Exercise aim.
Two lines below mark the span: the one containing "Welcome! In front" and the one containing "Hi, Terry with". Set down both, plus every line between, exactly as they stand, and nothing else.

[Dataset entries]
----------------------------------------
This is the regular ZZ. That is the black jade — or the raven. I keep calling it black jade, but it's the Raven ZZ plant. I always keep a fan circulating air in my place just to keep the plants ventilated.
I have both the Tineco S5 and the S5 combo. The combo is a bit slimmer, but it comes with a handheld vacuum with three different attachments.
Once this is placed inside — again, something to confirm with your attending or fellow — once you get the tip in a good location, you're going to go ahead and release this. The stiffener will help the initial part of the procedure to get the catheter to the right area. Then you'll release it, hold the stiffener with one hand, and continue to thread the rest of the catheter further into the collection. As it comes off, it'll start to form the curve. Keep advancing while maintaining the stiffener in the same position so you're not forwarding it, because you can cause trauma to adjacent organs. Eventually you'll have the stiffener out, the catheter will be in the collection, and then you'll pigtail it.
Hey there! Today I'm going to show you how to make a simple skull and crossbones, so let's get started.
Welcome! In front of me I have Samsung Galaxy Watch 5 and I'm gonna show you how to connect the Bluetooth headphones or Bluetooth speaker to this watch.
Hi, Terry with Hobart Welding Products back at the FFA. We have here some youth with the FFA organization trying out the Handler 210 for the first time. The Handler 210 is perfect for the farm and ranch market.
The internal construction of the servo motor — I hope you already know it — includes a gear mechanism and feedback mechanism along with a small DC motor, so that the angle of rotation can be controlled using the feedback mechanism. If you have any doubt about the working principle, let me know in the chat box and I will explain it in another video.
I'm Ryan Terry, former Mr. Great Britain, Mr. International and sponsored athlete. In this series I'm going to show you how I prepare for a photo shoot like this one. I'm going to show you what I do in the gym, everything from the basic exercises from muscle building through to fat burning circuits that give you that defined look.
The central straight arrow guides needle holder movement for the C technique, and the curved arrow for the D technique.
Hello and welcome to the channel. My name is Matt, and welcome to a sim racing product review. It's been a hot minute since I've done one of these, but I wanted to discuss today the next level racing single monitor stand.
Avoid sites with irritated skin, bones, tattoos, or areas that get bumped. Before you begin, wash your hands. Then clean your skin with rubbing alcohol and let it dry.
----------------------------------------
Answer to the exercise.
Welcome! In front of me I have Samsung Galaxy Watch 5 and I'm gonna show you how to connect the Bluetooth headphones or Bluetooth speaker to this watch.
Hi, Terry with Hobart Welding Products back at the FFA. We have here some youth with the FFA organization trying out the Handler 210 for the first time. The Handler 210 is perfect for the farm and ranch market.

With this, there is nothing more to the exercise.